Just decided to upgrade to Java 9 to use Map.of(). Thank you all for your help!
Seems like you already found your solution, but here is something that is probably much easier to use.
import java.util.Arrays;
import java.util.List;
/** Enums. https://stackoverflow.com/questions/71517372 */
public class SOQ_20220406_0201
{
/**
*
* Main method.
*
* #param args commandline arguments, should they be needed.
*
*/
public static void main(String[] args)
{
enum Faction
{
F1,
F2,
F3,
ALL,
;
}
enum Skill
{
SKILL_1(Faction.F1, "arbitraryArgs"),
SKILL_2(Faction.F2, "arbitraryArgs"),
SKILL_3(Faction.F3, "arbitraryArgs"),
SKILL_ALL_CAN_USE(Faction.ALL, "arbitraryArgs"),
;
private final Faction faction;
private final String arbitraryArgs;
Skill(Faction faction, String arbitraryArgs)
{
this.faction = faction;
this.arbitraryArgs = arbitraryArgs;
}
public static List<Skill> fetchAllSkillsForFaction(final Faction faction)
{
return
Arrays.stream(values())
.parallel()
.filter(each -> each.faction == faction)
.toList()
;
}
}
System.out.println(Skill.fetchAllSkillsForFaction(Faction.F1));
}
}

Java class: limit instance variable to one of several possible values, depending on other instance variables

I am sorry for the vague question. I am not sure what I'm looking for here.
I have a Java class, let's call it Bar. In that class is an instance variable, let's call it foo. foo is a String.
foo cannot just have any value.
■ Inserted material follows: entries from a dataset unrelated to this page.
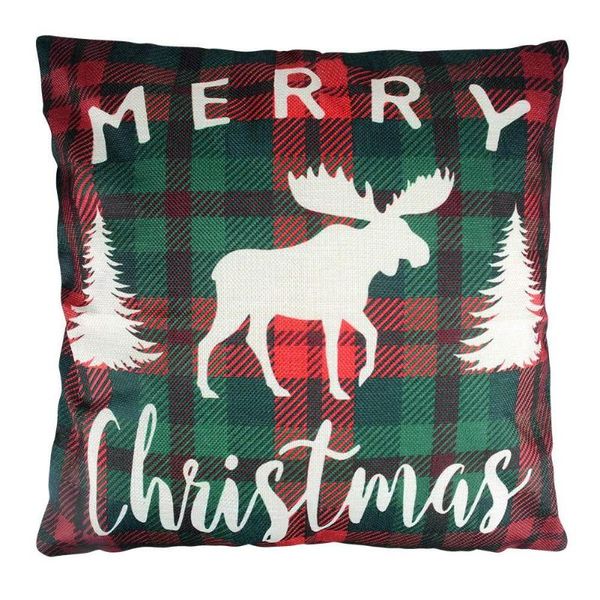 

45x45cm christma elk льняное подушка чехол подушка диван кресло украшения домашний текстиль товары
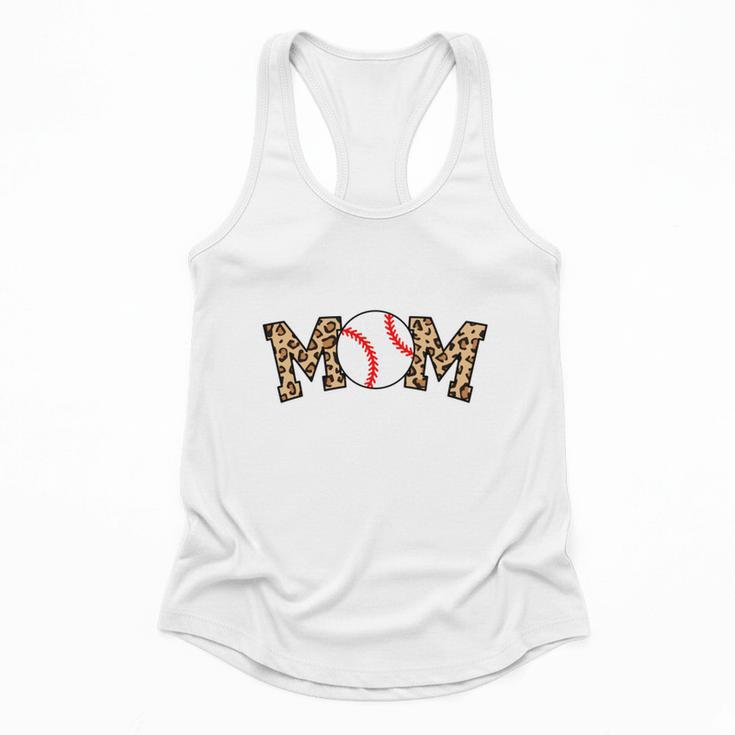Catcher Mom Baseball Mom Leopard Game Day Flowy Tank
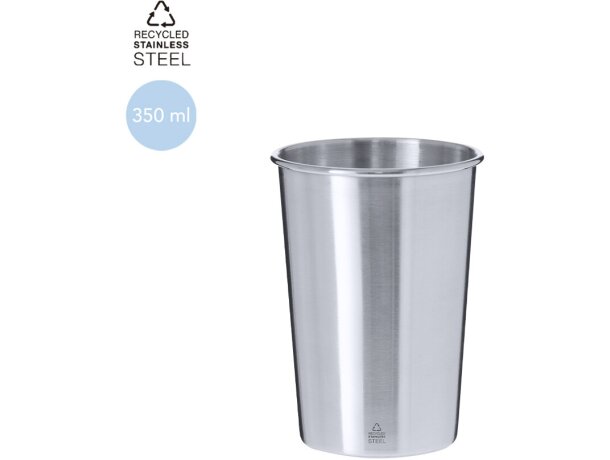 Vaso Hidex acero inoxidable reciclado certificado 350ml detalle 1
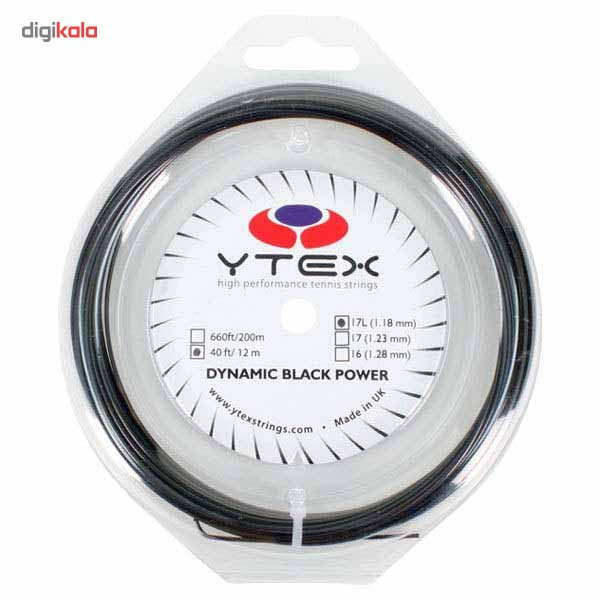 زه راکت تنیس وای تکس مدل 17 Dynamic Black Power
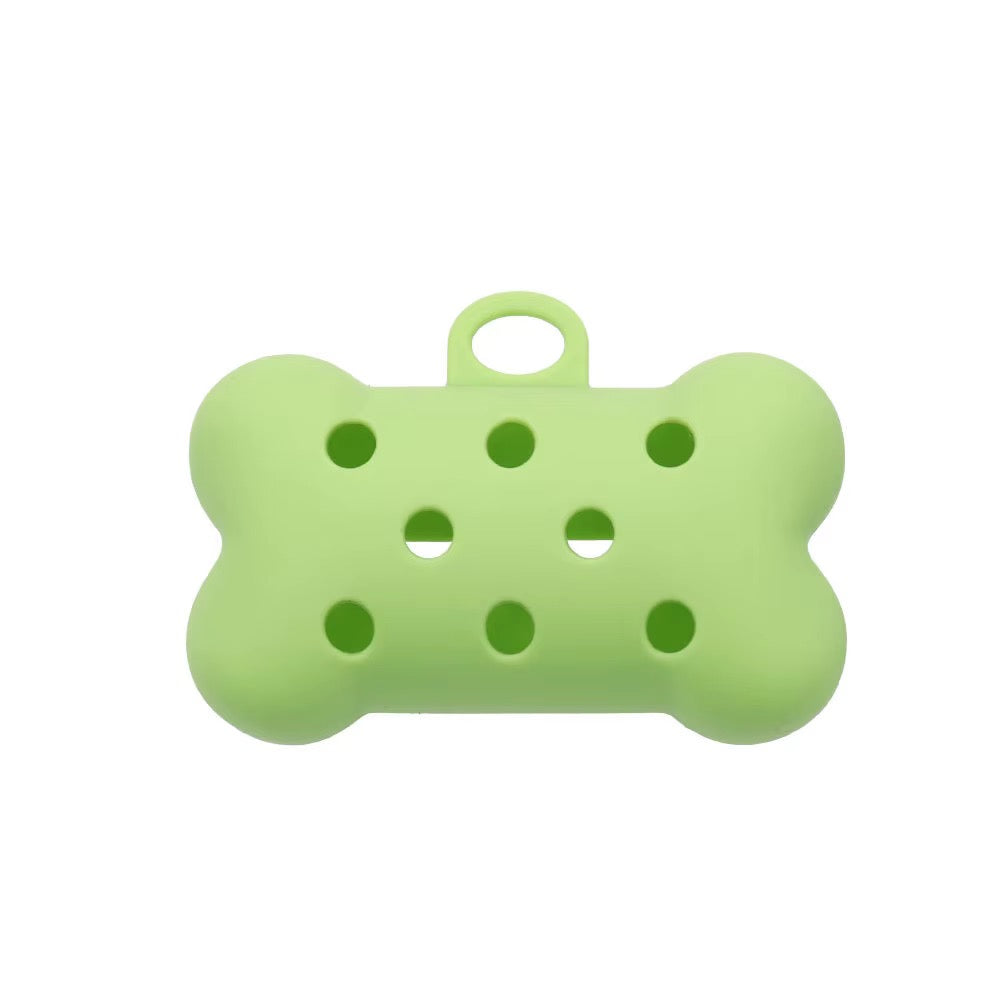 Mint Green Collar & Lead Set / Waste Dispenser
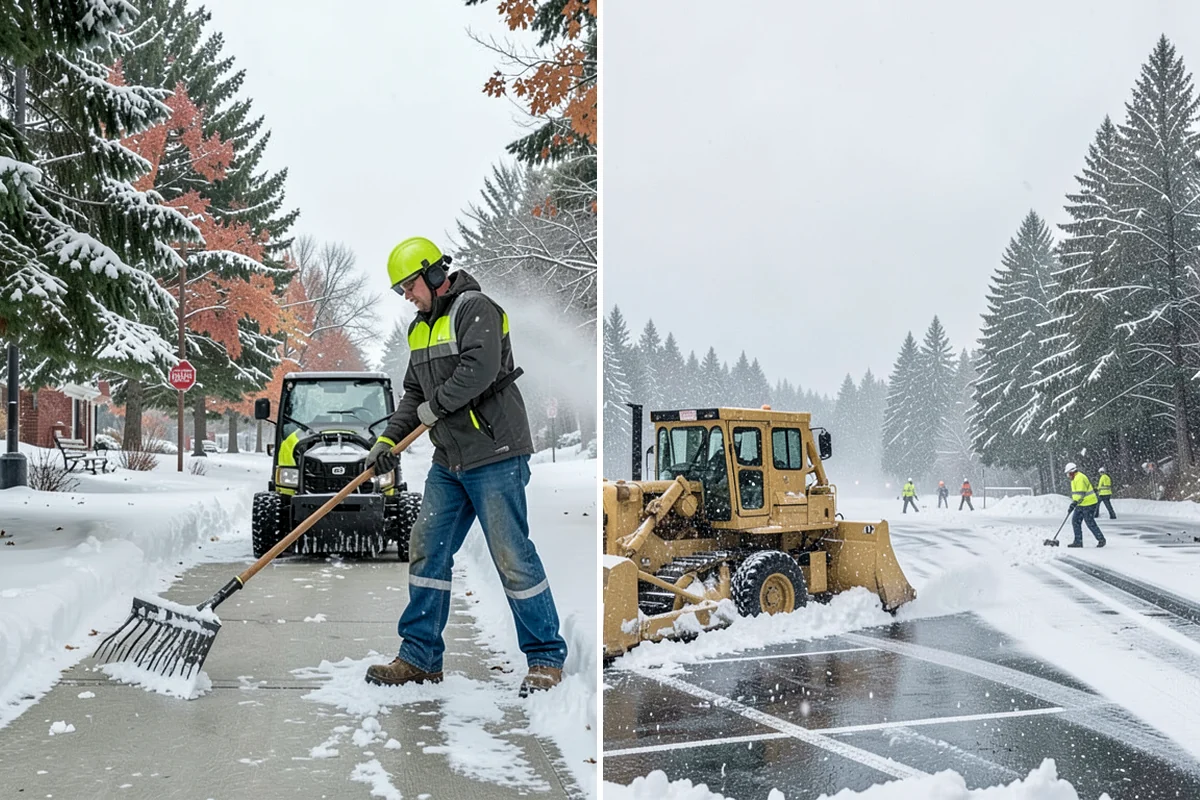 HOA Snow Plowing in Clyde Hill, King County, WA - Meet with the board to map private roads, common lots, and priority intersections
There is a long list of strings, and foo must be one of them.
Then, for each of those strings in the list I would like the possibility to set some extra conditions as to whether that specific foo can belong in that specific type of Bar (depending on other instance variables in that same Bar).
What approach should I take here? Obviously, I could put the list of strings in a static class somewhere and upon calling setFoo(String s) check whether s is in that list. But that would not allow me to check for extra conditions - or I would need to put all that logic for every value of foo in the same method, which would get ugly quickly.
Is the solution to make several hundred classes for every possible value of foo and insert in each the respective (often trivial) logic to determine what types of Bar it fits? That doesn't sound right either.
What approach should I take here?
Here's a more concrete example, to make it more clear what I am looking for. Say there is a Furniture class, with a variable material, which can be lots of things, anything from mahogany to plywood. But there is another variable, upholstery, and you can make furniture containing cotton of plywood but not oak; satin furniture of oak but not walnut; other types of fabric go well with any material; et cetera.
I wouldn't suggest creating multiple classes/templates for such a big use case. This is very opinion based but I'll take a shot at answering as best as I can.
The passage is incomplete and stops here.